I am a PhD Candidate and Humanities Studentship holder who graduated with a BA (Hons) in American and Canadian Studies from the University of Birmingham in 2021, before completing an MA as a recipient of the Christine and Ian Bolt Scholarship at the University of Kent. I graduated from my MA in November 2022.
My research interests lie in Queer and Indigenous Studies, focusing on how Settler Colonialism transcends from physical to digital spaces.
Outside of academia, I am a published and active poet writing on queer sex, the body, and grief. You can find my work in print in Sunday Mornings at the River’s Depression is What Really Killed the Dinosaur (2022) and Poetry Diary (2022), as well as in the online e-mag Sonder Series.

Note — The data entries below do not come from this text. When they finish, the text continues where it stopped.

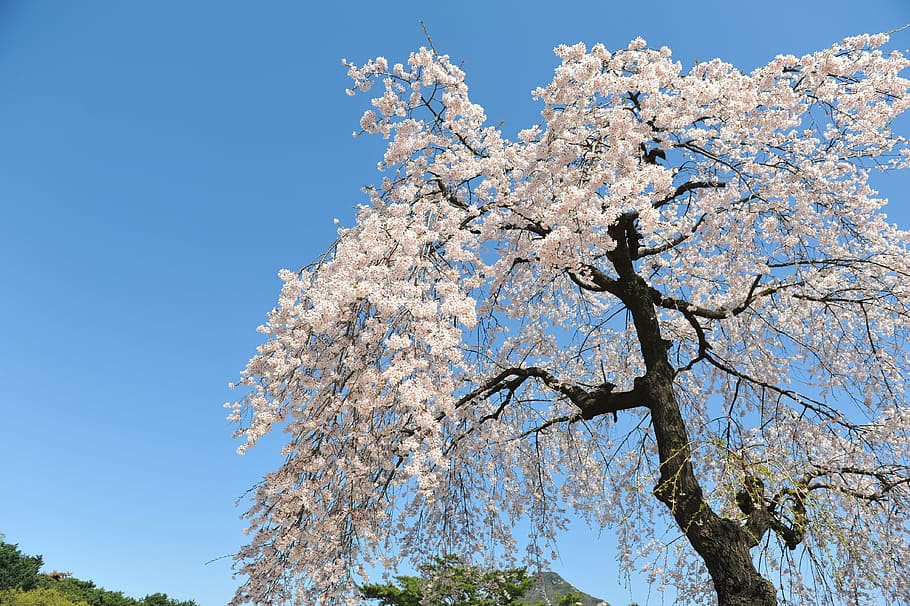 cherry blossom, spring, sky, blue sky, forbidden city, tree HD wallpaper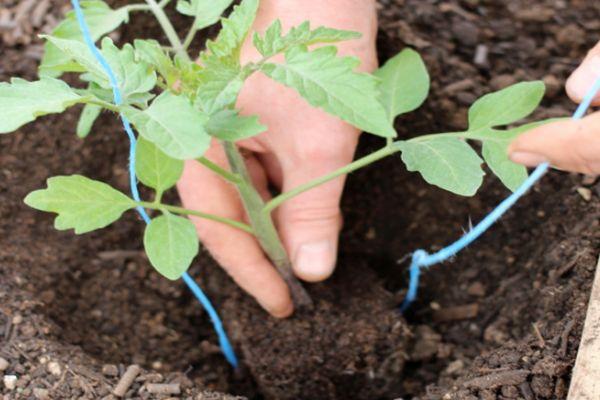 การปลูกต้นกล้า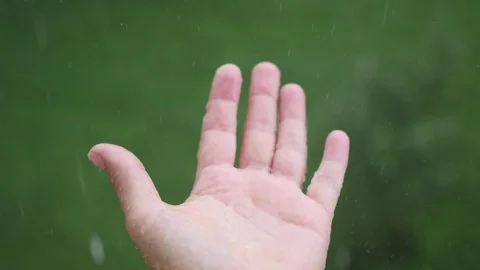 Rain drops falling on palm. summer rain Vidéo 77309426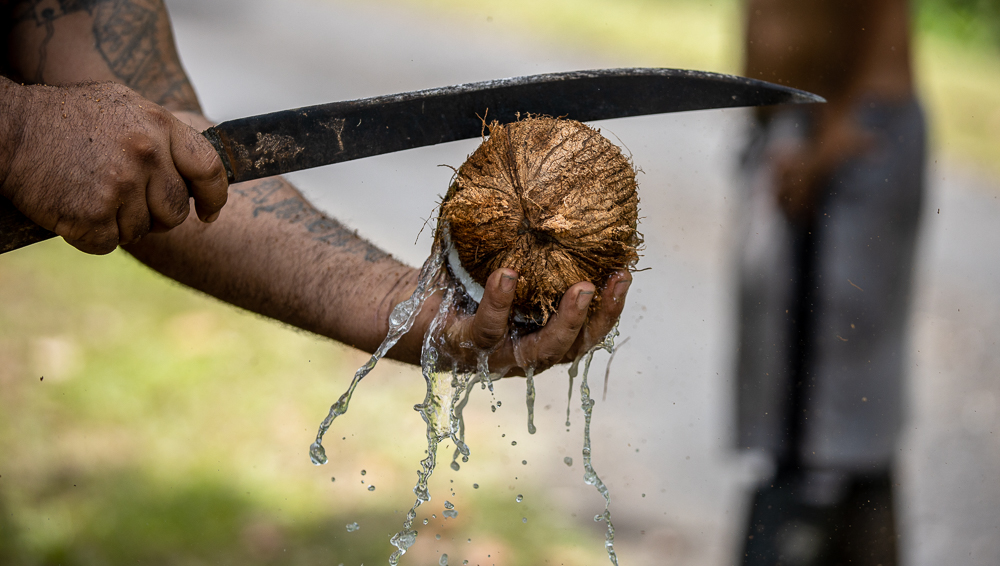 Coconut oil's effect on mild COVID-19 cases investigated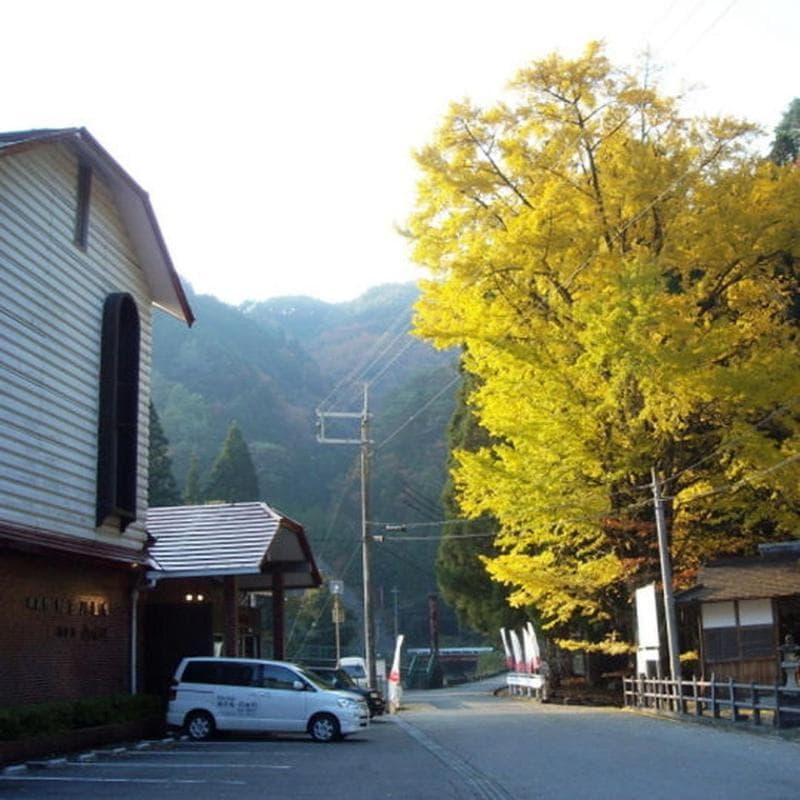 Hotel Nosegawa 5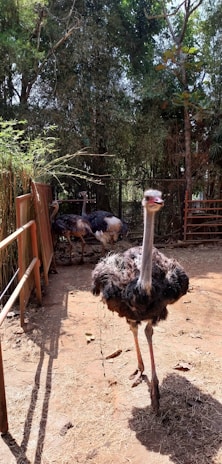 An ostrich stands in the foreground on a dirt path with its head slightly tilted. In the background, there are three more ostriches partially obscured by shadows and foliage. The setting is outdoors with trees and fencing creating a natural enclosure.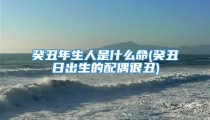 癸丑年生人是什么命(癸丑日出生的配偶很丑)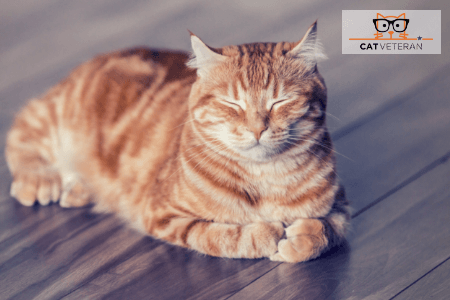 happy orange cat cat veteran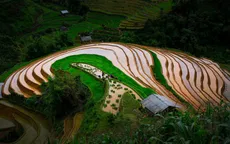 Ruộng bậc thang Mù Cang Chải mùa nước đổ qua góc máy của nghệ sỹ trẻ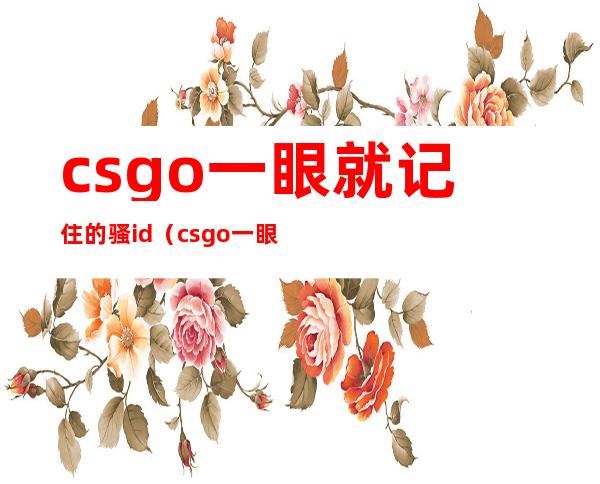 csgo一眼就记住的骚id（csgo一眼就记住的骚ID）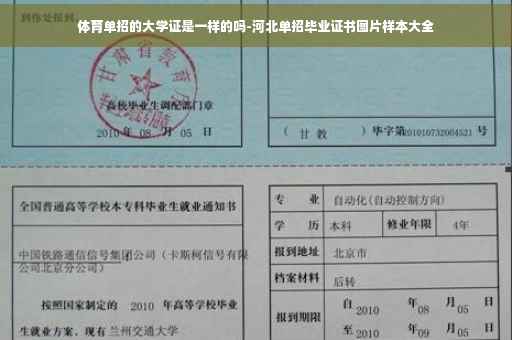 体育单招的大学证是一样的吗-河北单招毕业证书图片样本大全
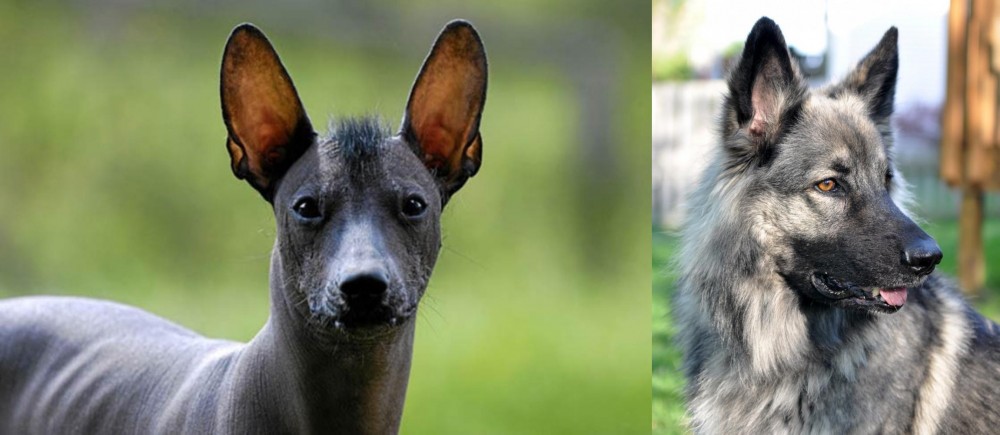 Shiloh Shepherd vs Mexican Hairless - Breed Comparison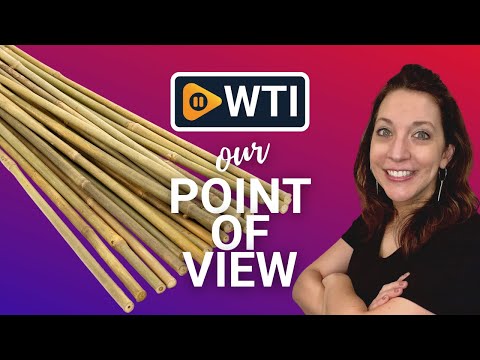 Pllieay 20 Pieces 18 inch Bamboo Stakes - WTI product video review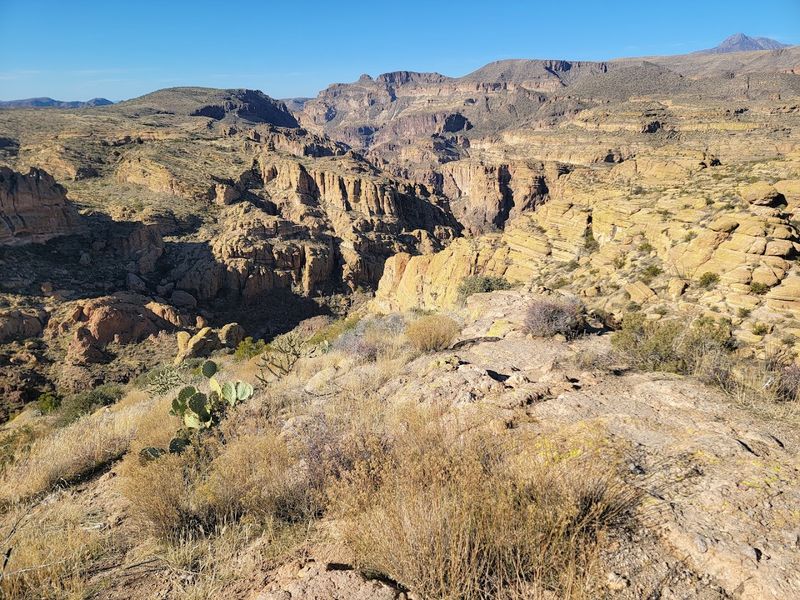 A Hidden Gem For Adventurers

My PhD thesis grapples with the ways in which the ongoing impacts of Settler Colonialism persist in online spaces. It questions if hook-up/dating apps – like Grindr and Tinder – can be used for positive connection for those with multiple marginal identities in Indigenous communities in the nation state of Canada.
This project merges literary and social methods of research to survey how Settler Colonialism affects have pervaded online spaces. It counters a previous absence of research by delving into the presentation of dating apps in literary works and analysing the works of emerging Indigiqueer writers who grapple with varied experiences of the erotic in physical and digital spaces.